She lets out a small breath, close to a laugh but not quite there. “Accidental, I assure you.” I see a flicker of a smile, but I don't let on that I've seen it.

“You walked into a room full of men who are convinced your family burned one of ours alive,” I say. “That’s not an accident. That’s a message.” The cigarette has less appeal to me now. I tap more ashes but focus on her.

“If it is,” she says, “it isn’t mine.”

We fall into another silence, but it doesn’t feel empty. The lights from the city edge past the patio stones, and I can hear the low rumble of thunder through the alley that runs alongside the building. She shifts her weight slightly, crosses her arms, then uncrosses them again.

“You’re watching me like I’m about to start something,” she says.

“I’m watching you like I can’t tell whether you’re here to finish something.” She meets my eyes this time. I hold the stare.

“My father sent me,” she says. “He didn’t ask whether I thought it was smart.”

“That’s what makes it interesting.”

She studies me for a beat, and when she finally looks away, it’s slow. Her fingers tap once on the railing. It's deliberate and still feels like a tell.

“You hate being part of this,” I say, not asking.

“I’m not part of it,” she replies. “I’m trapped inside it.”

The words hang between us. She doesn’t try to clean them up or make them more polite. That alone tells me everything I need to know about where she stands with her family.

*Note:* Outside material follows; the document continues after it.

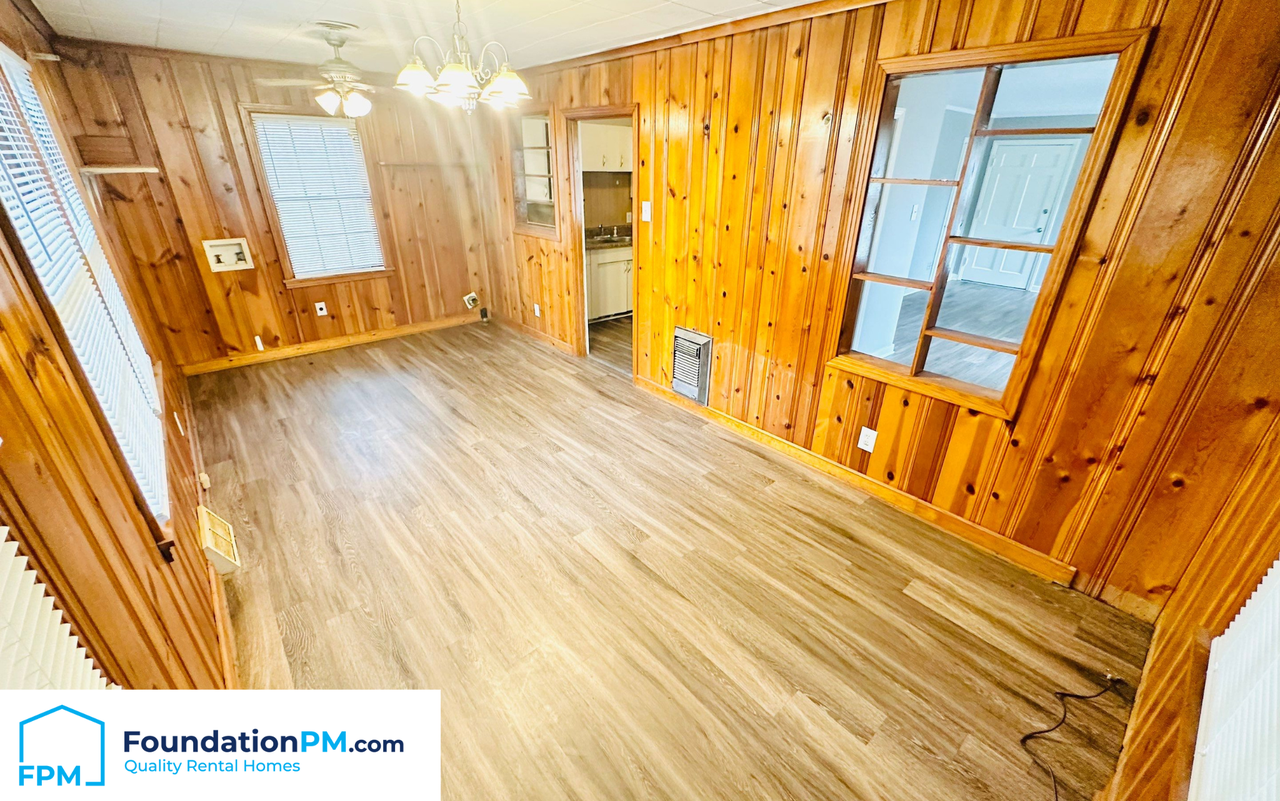 4126 Meadow Dr #1 - Photo 4 of 10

“Plenty of us are stuck in roles we didn’t choose,” I say. “You just wear yours louder.”

“It's not style,” she says. “That’s survival.” She pulls her phone from her pocket, checks the screen, then lowers it again without typing anything. I watch how she holds it—like she trusts it more than the people around her.

"You clean up well for a warning shot," I say.

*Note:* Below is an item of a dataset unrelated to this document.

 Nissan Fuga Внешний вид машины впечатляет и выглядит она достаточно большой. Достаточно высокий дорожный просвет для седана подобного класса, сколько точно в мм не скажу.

Her head tilts just slightly, enough to show she heard it, enough to let it land. "Is that your version of a compliment?"

"Depends how you take it."

She lets out a soft breath, almost a laugh, but sharp at the edges. "If I wanted compliments, O'Rourke, I wouldn't be standing out here with you." The breeze kicks up, tossing her brown hair, and she curls it around her ear. Nora is devastatingly beautiful, and I'm having a hard time reminding myself that she's the enemy.

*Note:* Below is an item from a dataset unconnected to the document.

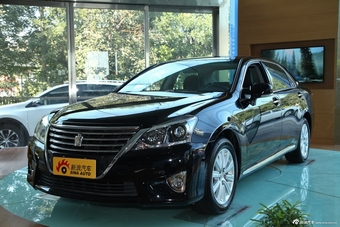 2012款皇冠V6 2.5L Royal Saloon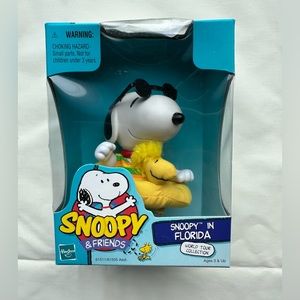 New in Box!  Snoopy & Friends Snoopy in Florida, World Tour Collection 1999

I flick ash off the end of my cigarette. "You’re standing here because you want to see who notices."

Her eyes meet mine then, steady and unflinching. "Maybe I’m just waiting to see if you’re all bark."

I step a little closer, enough that the city lights catch the gleam in her eyes. "If you were hoping for a bark," I say, voice low, "you’ll be disappointed."

She doesn’t blink, doesn’t back up either. Her fingers tap once against her phone, the barest twitch. Without asking, I take it from her hand.

Her lips part slightly in surprise, but she doesn’t pull away. She lets me type in my number and send myself a blank text. When I hand the phone back, she takes it slowly, the brush of her fingers deliberate this time.

I crush the cigarette under my heel and glance back once.

She’s still standing there, watching me.

Good. The hook is set. And now I have a way in. I just have to control my urges.

4

NORA

The ride back is short and silent. Liam drives, staring straight ahead. The second man sits rigidly in the front seat, hands flat on his thighs like he’s waiting for something horrible to happen. I don't speak. There's no one here worth wasting words on.

The Fitzpatrick estate looms ahead against the fading sky. I get out before either of Da's goons can open my door, my heels hitting the gravel hard. I kick them off the second I reach the step and carry them in one hand. My feet hurt from wearing such uncomfortable trash, and all I want to do is crack a bottle of wine and think about that strange interaction with Connor O'Rourke.